DATA FOR THIS TASK:
- - -

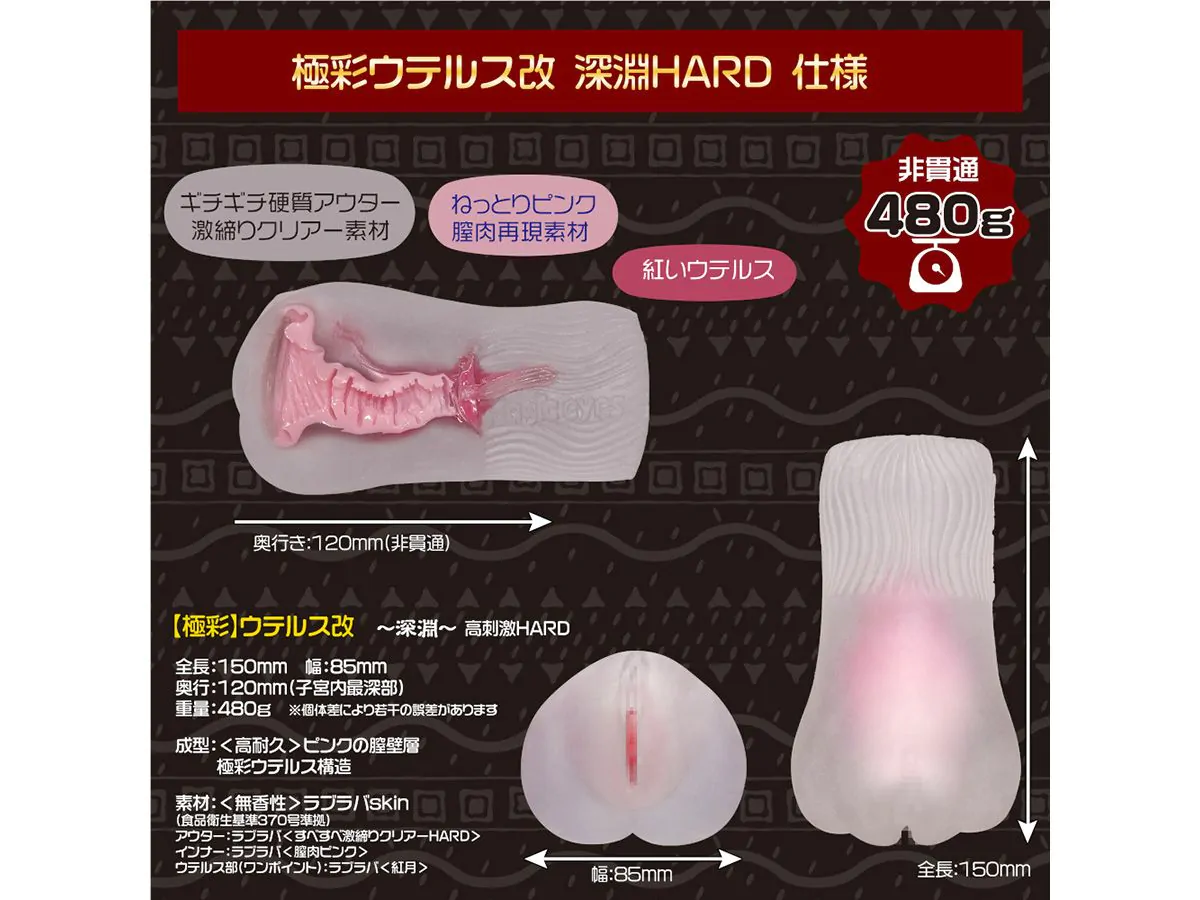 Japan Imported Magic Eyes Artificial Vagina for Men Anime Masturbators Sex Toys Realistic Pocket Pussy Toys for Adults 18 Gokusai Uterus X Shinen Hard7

- - -

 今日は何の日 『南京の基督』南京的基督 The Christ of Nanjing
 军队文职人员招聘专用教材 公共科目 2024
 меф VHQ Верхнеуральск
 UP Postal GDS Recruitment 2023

- - -

PROBLEM TO SOLVE: From the records above, give again exactly the lines running from the line with "今日は何の日 『南京の基督』南京的基督 The Christ of Nanjing" to the line with "UP Postal GDS Recruitment 2023", inclusive.

FINISHED EXERCISE:
 今日は何の日 『南京の基督』南京的基督 The Christ of Nanjing
 军队文职人员招聘专用教材 公共科目 2024
 меф VHQ Верхнеуральск
 UP Postal GDS Recruitment 2023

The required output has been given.